The thing that puzzles me is that Windows XP for example has been around for a long time now and that you would have thought that over time as the bugs have been found that the number of possible security breaches would be reduced. But Microsoft issues about the same number of bug fixes a month as it did ten years ago. It is not following the normal curve of complex software that most of the problems are found shortly after release and the number of reported problems reduces over time.
They must be patching the patches many times over. Perhaps they should get it right the first time,
On top of sending the exploit to M$ and waiting. He should give M$ a deadline, say he'll release the exploit to public in 2 weeks. That should give M$ sufficient pressure to release a hot fix (if M$ decides that it's important enough), plus it'll show good professionalism and integrity.

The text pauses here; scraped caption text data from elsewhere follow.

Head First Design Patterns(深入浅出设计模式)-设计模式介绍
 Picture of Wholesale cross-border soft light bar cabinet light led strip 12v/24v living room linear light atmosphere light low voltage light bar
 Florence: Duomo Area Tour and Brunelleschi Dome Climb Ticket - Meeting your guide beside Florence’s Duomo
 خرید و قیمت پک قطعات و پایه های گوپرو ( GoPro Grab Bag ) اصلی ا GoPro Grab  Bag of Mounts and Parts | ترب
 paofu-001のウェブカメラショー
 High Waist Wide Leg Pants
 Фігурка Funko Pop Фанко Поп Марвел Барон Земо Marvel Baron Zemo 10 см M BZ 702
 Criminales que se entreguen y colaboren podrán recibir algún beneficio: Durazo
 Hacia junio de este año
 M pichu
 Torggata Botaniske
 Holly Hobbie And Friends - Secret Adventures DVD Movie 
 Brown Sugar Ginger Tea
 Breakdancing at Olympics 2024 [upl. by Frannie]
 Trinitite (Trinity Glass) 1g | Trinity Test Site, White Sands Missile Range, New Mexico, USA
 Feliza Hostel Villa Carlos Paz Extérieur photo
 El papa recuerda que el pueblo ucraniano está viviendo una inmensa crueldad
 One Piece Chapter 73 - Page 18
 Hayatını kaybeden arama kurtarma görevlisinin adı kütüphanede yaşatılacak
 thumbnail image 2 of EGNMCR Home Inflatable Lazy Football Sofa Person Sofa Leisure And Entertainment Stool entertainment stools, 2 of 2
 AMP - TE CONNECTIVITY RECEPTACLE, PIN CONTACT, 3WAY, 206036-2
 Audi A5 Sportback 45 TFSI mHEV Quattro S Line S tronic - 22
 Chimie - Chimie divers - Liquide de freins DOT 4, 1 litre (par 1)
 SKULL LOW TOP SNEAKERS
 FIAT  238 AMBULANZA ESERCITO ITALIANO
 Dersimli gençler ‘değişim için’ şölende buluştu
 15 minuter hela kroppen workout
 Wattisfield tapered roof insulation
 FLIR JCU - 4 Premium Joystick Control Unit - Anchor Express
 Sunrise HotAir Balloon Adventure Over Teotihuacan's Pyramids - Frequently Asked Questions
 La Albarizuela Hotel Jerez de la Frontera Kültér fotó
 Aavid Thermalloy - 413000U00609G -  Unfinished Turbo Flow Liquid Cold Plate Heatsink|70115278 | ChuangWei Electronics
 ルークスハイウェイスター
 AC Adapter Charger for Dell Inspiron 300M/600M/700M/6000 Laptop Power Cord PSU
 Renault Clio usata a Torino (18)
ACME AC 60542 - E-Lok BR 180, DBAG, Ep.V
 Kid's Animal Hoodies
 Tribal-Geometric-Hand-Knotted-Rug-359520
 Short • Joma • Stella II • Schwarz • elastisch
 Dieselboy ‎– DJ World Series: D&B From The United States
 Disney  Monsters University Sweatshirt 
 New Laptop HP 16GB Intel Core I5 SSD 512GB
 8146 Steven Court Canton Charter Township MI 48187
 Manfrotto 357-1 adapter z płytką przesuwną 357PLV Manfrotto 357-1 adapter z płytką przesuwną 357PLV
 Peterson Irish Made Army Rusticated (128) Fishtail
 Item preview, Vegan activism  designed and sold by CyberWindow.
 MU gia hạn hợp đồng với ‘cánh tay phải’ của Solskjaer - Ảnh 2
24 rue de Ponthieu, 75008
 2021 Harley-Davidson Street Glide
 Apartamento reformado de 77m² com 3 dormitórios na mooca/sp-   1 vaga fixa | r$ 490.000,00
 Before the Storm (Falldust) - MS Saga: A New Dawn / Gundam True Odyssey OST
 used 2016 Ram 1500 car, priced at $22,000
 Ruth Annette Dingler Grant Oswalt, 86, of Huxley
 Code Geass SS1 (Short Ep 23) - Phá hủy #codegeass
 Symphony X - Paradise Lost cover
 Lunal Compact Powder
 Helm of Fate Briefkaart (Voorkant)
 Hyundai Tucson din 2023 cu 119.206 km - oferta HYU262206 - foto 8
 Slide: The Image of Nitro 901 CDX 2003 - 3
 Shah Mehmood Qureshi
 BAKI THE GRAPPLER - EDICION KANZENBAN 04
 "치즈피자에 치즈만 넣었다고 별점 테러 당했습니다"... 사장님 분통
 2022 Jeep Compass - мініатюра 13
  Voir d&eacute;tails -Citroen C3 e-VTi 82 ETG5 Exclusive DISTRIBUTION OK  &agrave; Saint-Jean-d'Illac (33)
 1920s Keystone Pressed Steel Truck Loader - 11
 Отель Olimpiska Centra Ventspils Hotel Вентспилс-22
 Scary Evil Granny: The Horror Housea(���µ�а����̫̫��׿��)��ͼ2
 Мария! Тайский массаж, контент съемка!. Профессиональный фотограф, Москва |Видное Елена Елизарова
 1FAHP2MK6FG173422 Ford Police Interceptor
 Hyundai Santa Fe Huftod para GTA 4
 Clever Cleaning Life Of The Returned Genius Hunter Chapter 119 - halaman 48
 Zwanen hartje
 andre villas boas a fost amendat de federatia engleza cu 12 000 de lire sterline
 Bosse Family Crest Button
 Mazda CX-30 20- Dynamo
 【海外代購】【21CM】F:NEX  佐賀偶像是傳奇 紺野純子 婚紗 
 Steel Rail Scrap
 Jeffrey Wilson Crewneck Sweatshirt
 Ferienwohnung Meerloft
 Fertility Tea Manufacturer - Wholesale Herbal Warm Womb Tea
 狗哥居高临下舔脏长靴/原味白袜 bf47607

He shouldn't wait for ever for M$ to release a fix, at the same time, he should not just announce it to the public without giving M$ a head start. That's just not professional, unless he has other motives.
I have a few friends that have worked with Microsoft on vulnerability's in the past and they have always found Microsoft very easy to work with. As far as I can see this guy is a nut job. His actions have put every one that uses a Windows based system at risk. And as far as I can tell only because he does not like Microsoft I see no other reason.
Many of you need to get off your high horse. I have submitted bug reports to microsoft back when XP SP3 came out related to "run as" with the task manager and ending/relaunching the explorer.exe process. This bug is still in effect now and what I got back from Microsoft was "Try Vista"
The human factor plays a large role in this. The people that work the positions to screen this information at Microsoft probably hate their job, and the researches just want to let them know they found a problem. The researchers don't get paid to follow Microsoft requests for a bug. That would leave me with very little incentive to deal with bull shit.